- [Directions] Restate every line below word for word, but drop each picture.

(Input data Opens)

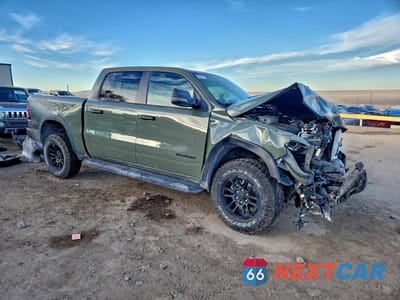 Czwarte zdjęcie samochodu z boku: 2026 RAM 1500 REBEL VIN:1C6SRFLP8TN215294 - miniatura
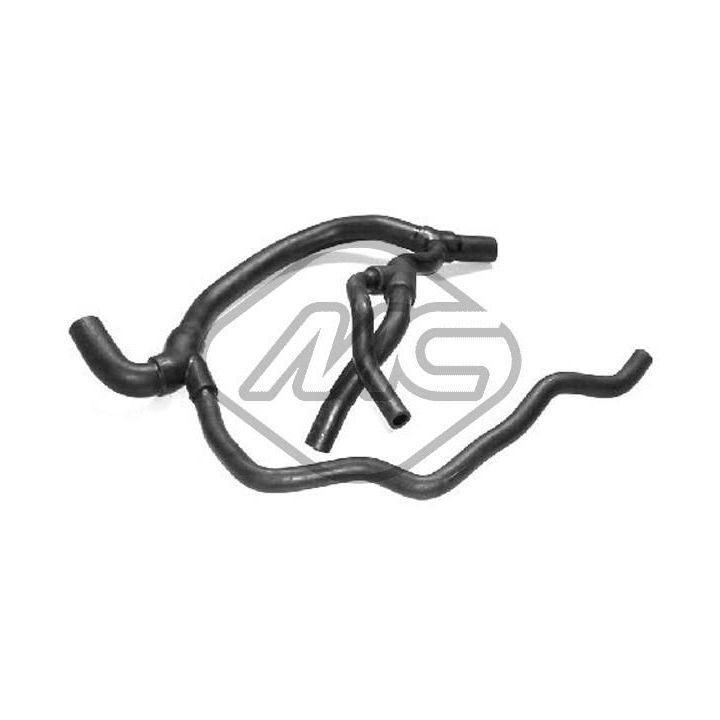 Radiatoriaus žarna Metalcaucho 08724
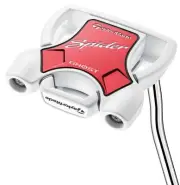 Left Handed TaylorMade Spider White DB Putter 35'' Inches New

(Input data Closes)

- [Problem solution]
 Czwarte zdjęcie samochodu z boku: 2026 RAM 1500 REBEL VIN:1C6SRFLP8TN215294 - miniatura
 Radiatoriaus žarna Metalcaucho 08724
 Left Handed TaylorMade Spider White DB Putter 35'' Inches New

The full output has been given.